Exercise input:
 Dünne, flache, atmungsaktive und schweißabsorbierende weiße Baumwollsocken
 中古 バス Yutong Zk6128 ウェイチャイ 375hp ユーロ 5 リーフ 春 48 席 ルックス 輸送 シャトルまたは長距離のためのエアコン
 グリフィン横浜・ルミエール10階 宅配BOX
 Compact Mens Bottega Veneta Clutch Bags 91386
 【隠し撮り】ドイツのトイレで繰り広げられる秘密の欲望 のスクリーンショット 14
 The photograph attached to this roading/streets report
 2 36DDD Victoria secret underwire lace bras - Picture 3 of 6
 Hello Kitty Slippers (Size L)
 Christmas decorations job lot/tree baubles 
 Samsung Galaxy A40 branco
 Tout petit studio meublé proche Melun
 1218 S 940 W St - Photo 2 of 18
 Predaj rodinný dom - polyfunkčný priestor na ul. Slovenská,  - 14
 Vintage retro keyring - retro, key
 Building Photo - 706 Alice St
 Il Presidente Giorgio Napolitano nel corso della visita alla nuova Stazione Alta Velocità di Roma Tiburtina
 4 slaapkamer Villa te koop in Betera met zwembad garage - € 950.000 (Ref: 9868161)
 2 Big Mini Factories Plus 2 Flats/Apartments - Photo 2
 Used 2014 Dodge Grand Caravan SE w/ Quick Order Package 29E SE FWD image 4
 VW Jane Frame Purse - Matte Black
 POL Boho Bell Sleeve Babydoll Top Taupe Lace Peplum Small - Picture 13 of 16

Required action:
Copy each line above where "Picture" appears.

Solution to this exercise:
 2 36DDD Victoria secret underwire lace bras - Picture 3 of 6
 POL Boho Bell Sleeve Babydoll Top Taupe Lace Peplum Small - Picture 13 of 16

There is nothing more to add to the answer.